The -id option is an accept option that specifies the minimum sequence identity of a hit. It is expressed as a fraction between 0.0 and 1.0, meaning from 0% to 100% as a percentage. It is supported by most search and clustering commands. Identity is the fraction of columns in an alignment with matching letters.
Example
usearch -cluster_fast reads.fasta -centroids c.fasta -id 0.90
Rules for wildcards and matching letters (version 8 and later)
Case is ignored for calculating identity, so an upper case letter can match a lower case letter. (See
Masking
for discussion of lower-case for indexing). Wildcards match, so for example in a amino acid alignment, a column containing AX is an identity, and in a nucleotide alignment AN and AW are identities (because W is the
IUPAC ambiguity symbol
for A or T). Two wildcard letters match each other if they represent at least one identical residue, so for example NN matches in a nucleotide alignment, and MR matches in a nucleotide alignment (because both M and R include A). Identical letters always match, even if they are not part of a known alphabet. These rules for matching wildcards give an upper bound on the identity of the true sequences when wildcards are replaced by fully specified residues. Other rules are possible, e.g. always considering wildcards to be mismatches (which would give a lower bound), or ignoring columns containing wildcards. There is no one best rule for dealing with wildcards; all possible rules have advantages and disadvantages in different situations.
Identity in global alignments
In
global alignments
, columns containing
terminal gaps
are discarded before identity is calculated, while internal gaps always count as differences. The example below has a terminal gap of length 3 at the end of the alignment, the identity is therefore calculated over the remaining seven columns which contain six matches and the identity is 6/7 = 0.86.
GATTACA---
||| |||
GATAACAATC
Fractional identity vs. percentage identity
To convert between fractional identity and percentage identity, multiply or divide by 100, as appropriate.
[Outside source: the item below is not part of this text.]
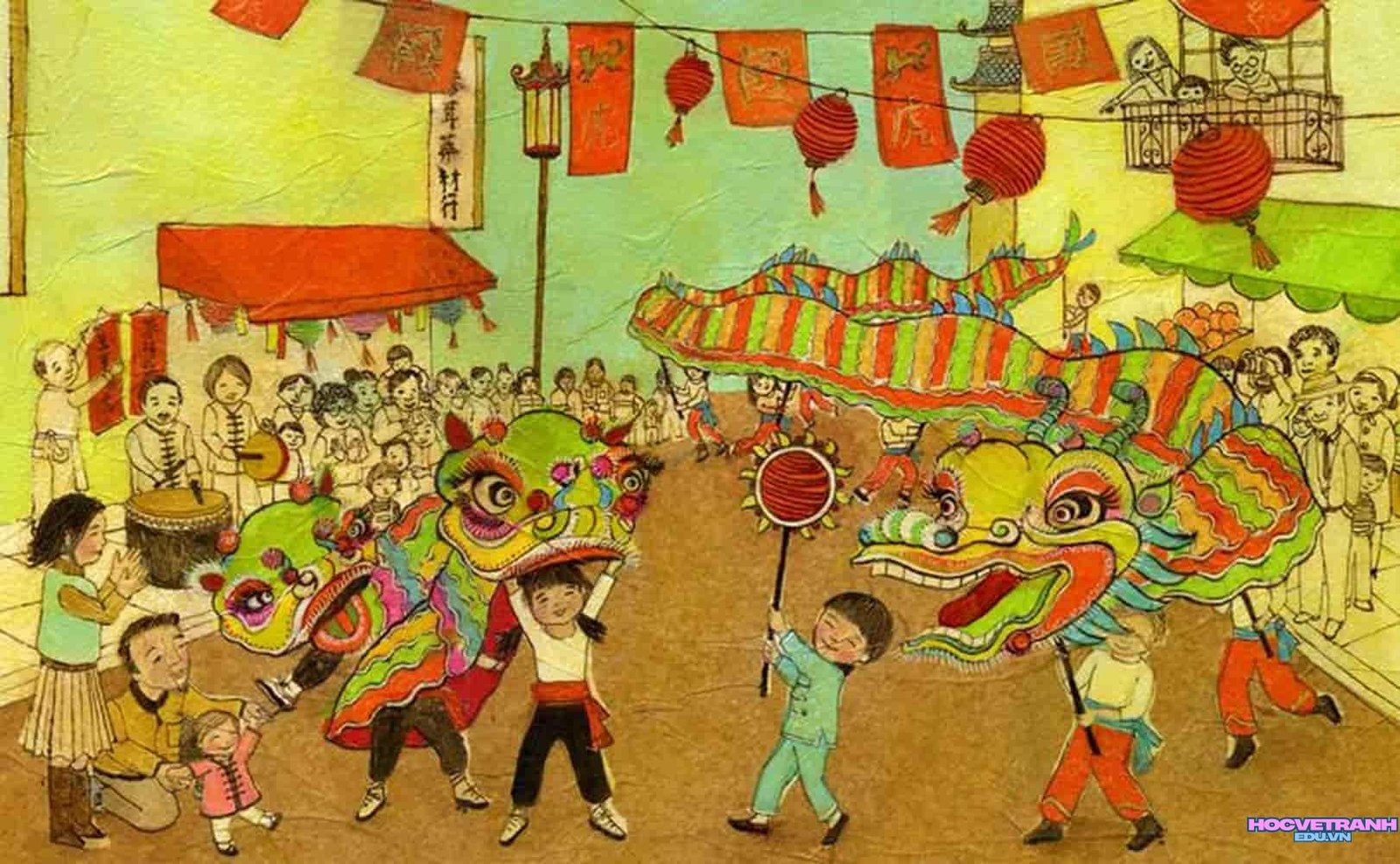 vẽ tranh múa lân lễ hội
Since percentage identity is much more commonly used in practice, using fractional identity was a minor design mistake -- it would have been better to use percentage. The historical reason is that the USEARCH code began with UCLUST, motivated as an attempt to improve on CD-HIT, and CD-HIT is one of the few programs to use fractional identity (its -c option). Note that CD-HIT uses a
problematic non-standard definition of identity
.